Search and rescue operations of the KNRM are carried out by land and sea. But not yet from the air. The KNRM currently receives air support from the coastguard in the event of major incidents and/or under complex circumstances. However, the KNRM is often the first in the vicinity of the incident. The search and rescue is then initiated from the lifeboat or coastal rescue vehicle. However, in many cases, air support can identify a drowning person or missing person more quickly, potentially saving lives. For this reason, KNRM has set up a test period for the year 2022 to see what added value drones can have in search and rescue.

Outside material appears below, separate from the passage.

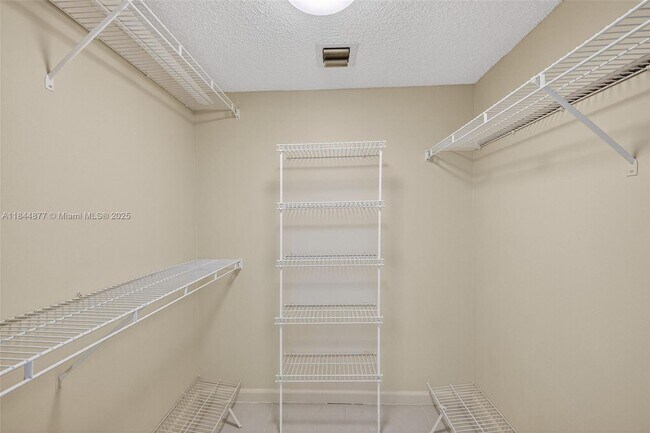 Building Photo - 7214 S Devon Dr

We expect drones to have enormous added value when searching for drowning persons at seaJeroen Kodde, KNRM
AirHub has been working closely with the KNRM for a while now. The ROC exemption was converted by AirHub Consultancy at the end of 2021, as a result the KNRM has a Specific Category license in accordance with European Regulations. For the transition from the ROC license to the Specific Category, AirHub has set up a training day to explain the changes, the operational manual and the procedures to KNRM drone pilots. In addition, AirHub gave an extensive demonstration of the Drone Operations Center.
The planning feature for ad-hoc situations, the live stream functionality that offers the possibility to watch multiple stations, and the automatic log function are Important features for the KNRM. After all, every second counts in search and rescue operations. To this day, AirHub still supports the Foundation in its drone operations. For example, evaluation meetings are scheduled every two months, and AirHub is improving its software so that the KNRM can operate more efficiently.
Being able to deploy drones themselves, KNRM can respond accordingly in ad hoc situations. With features, such as the livestreaming feature, they have a clear overview of the situation and can easily cover more ground.